Here Comes the Rain - and an Engineer with Solutions
Meghna Babbar-Sebens, associate professor of water resources engineering, and her team have built and tested a new field-scale prototype of stormwater treatment technologies. These systems, which may fundamentally change the way communities tackle stormwater runoff, are designed to treat the “soup” of contaminants in stormwater runoff, including nutrients, heavy metals, polychlorinated biphenyls, and other hazardous compounds that threaten drinking water quality and aquatic life.
“We’re innovating new, green stormwater technologies that leverage natural systems such as soil, microbes, and plants to improve the capacity and efficiency of stormwater infrastructure in urban areas,” Babbar-Sebens said.
Climate change and the ever-increasing intensity of human activities in urban spaces have created stormwater problems worldwide, including more flooding and deteriorating water quality, she explained.

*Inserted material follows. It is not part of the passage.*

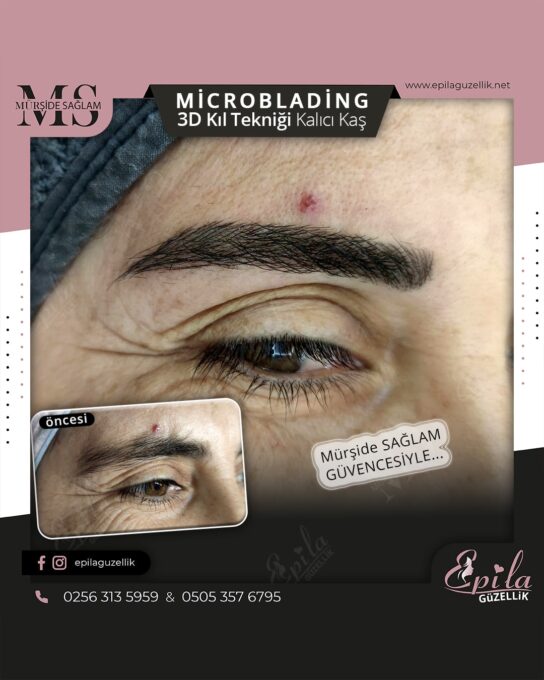 Nazilli - Microblading 3D Kıl Tekniği Kalıcı Kaş Kontürü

At the OSU-Benton County Green Stormwater Infrastructure Research Facility in Corvallis, Babbar-Sebens assisted at every step by engineering graduate students Alisha Saduova and Jacqueline Wells, and research scientist Sammy Rivera constructed a hybrid treatment “train” that combines natural and engineered sorbents to reduce threats from multiple stormwater-borne toxicants.
Preliminary findings are encouraging, according to Babbar-Sebens, who expects the research to help urban municipalities implement stormwater control measures that are capable of simultaneously treating several contaminants.

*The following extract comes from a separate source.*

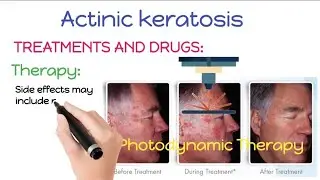 How To Treat and Remove Actinic Keratosis | Actinic Keratosis Treatment And Removal Procedures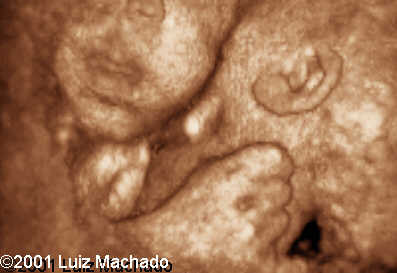thoraco-6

Babbar-Sebens’ work also took her to India during her 2019-2020 sabbatical. She and colleagues from Oregon State and India investigated how hydroinformatics technologies can assist rural farmers to better monitor and manage the impacts of drought caused by climate change. Her team intends to enable farmers and rural communities to use low-cost, data-driven technologies that empower them to better manage water infrastructure, improve long-term water resource management, and decrease their vulnerability to droughts.